The telecommunications companies in the country have offered to cut mobile money charges by 25 per cent to provide financial relief to subscribers, the Minister of Finance, Ken Ofori-Atta, has announced.
This for instance, means that the GHc1.00 charged for sending GHc100.00 will now be reduced to GHC0. 75p.
Mr Ofori-Atta disclosed this at a press conference in Accra on Wednesday to brief the citizens about the developments in the economy and the E-Levy, and said the move was to reduce the overall net impact of the E-Levy on mobile money consumers.
He said the E- Levy was a necessary tool to increase the country’s Tax to Gross Domestic Ratio from around 13 per cent to 16 per cent.
“The E-Levy would not only ensure that we move towards a more sustainable debt level but would also ensure that we have the revenues to sustainably invest in entrepreneurship, youth employment, cyber security, digital and road infrastructure,” Mr Ofori-Atta said.
He said digitalisation was eroding the traditional resilience of brick and mortar enterprises, stressing that with fewer transactions happening across the counter, there was an increased risk that some of the standard revenue generation and tax measures would gradually become obsolete.
“Indeed, except for Excise duties, the various tax types experienced a marked decline in growth between 2019 and 2020. Domestic Value Added Tax (VAT), for instance, which has traditionally been a significant component of Ghana’s tax framework, increased by three per cent between 2019-2020, compared to 29 per cent between 201 and 2019,” Mr Ofori-Atta, said.
The Finance Minister said the E-Levy was borne out of a careful study of current trends in the rapidly evolving digital age and was specific on the transactions on which it will be applied.
“After extensive consultations, the E-levy will be re-submitted to Parliament this month. We look forward to joining hands with Members of Parliament to approve the E-Levy on a consensus basis so we can collectively address the big issue of unemployment,” Mr Ofori-Atta said.
He said the Ministry of Finance had had consultations on the E-Levy with faith-based organisations, the banks and Chamber of Telecommunications, civil society organisations after the 2022 budget was presented to Parliament.
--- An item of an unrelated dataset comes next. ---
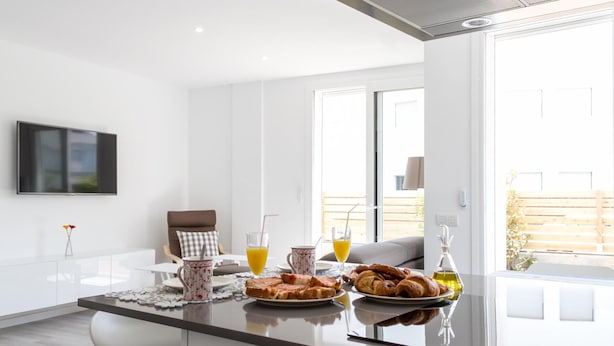A modern kitchen with a central island, a flat-screen TV, and a view of the outdoor balcony. - Luxury apartment in Roses with jacuzzi, close to beach (Roses)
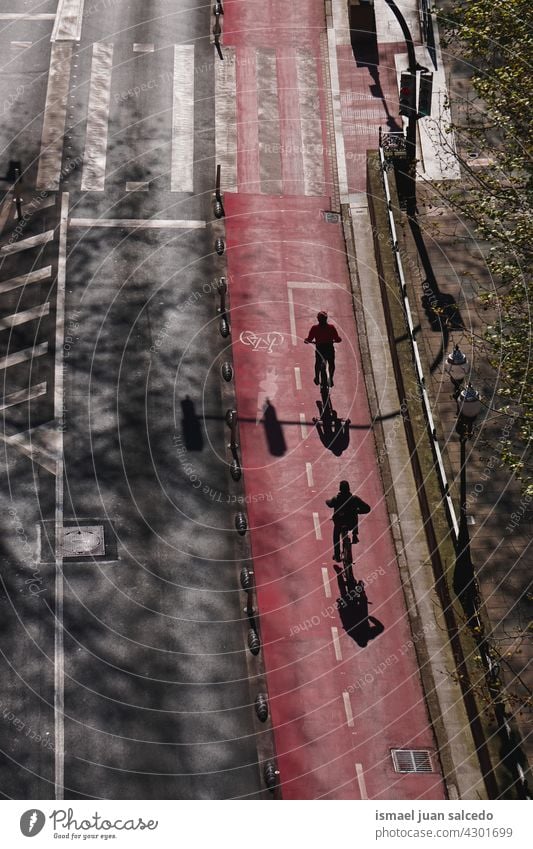 cyclist on the street in Bilbao city spain biker bicycle transportation cycling biking exercise ride speed fast motion movement road urban outdoors people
“A team comprising myself, colleague ministers and other key members of government have started public engagement and sensitisation campaign across the country. We intend to communicate clearly on the proposed mechanics of the E-levy, its potential benefits to the people of Ghana within the spirit of burden sharing that must guide us in our development efforts as we move Ghana Beyond Aid,” Mr Ofori-Atta said.
Among others, the Finance Minister said the E-Levy would cover Mobile Money Transfers between accounts on the same electronic money issuer (EMI) such as Mobile Money transfers from an account on one EMI to a recipient on another EMI, transfers from bank accounts to mobile money accounts, transfer from mobile money accounts to bank accounts; and bank transfers on a digital platform or application which originate from a bank account belonging to an individual to another individual.
“I emphasise that E-Levy will not impact cumulative transfers of GHC 100 per day made by the same person, transfers between accounts owned by the same person, transfers for the payment of taxes, fees, and charges on the Ghana.gov platform, electronic clearing of cheques, specified merchant payments (i.e. payments to commercial establishments registered with GRA for Income Tax and VAT purposes); and transfers between principal, master-agent, and agent’s accounts,” Mr Ofori-Atta said.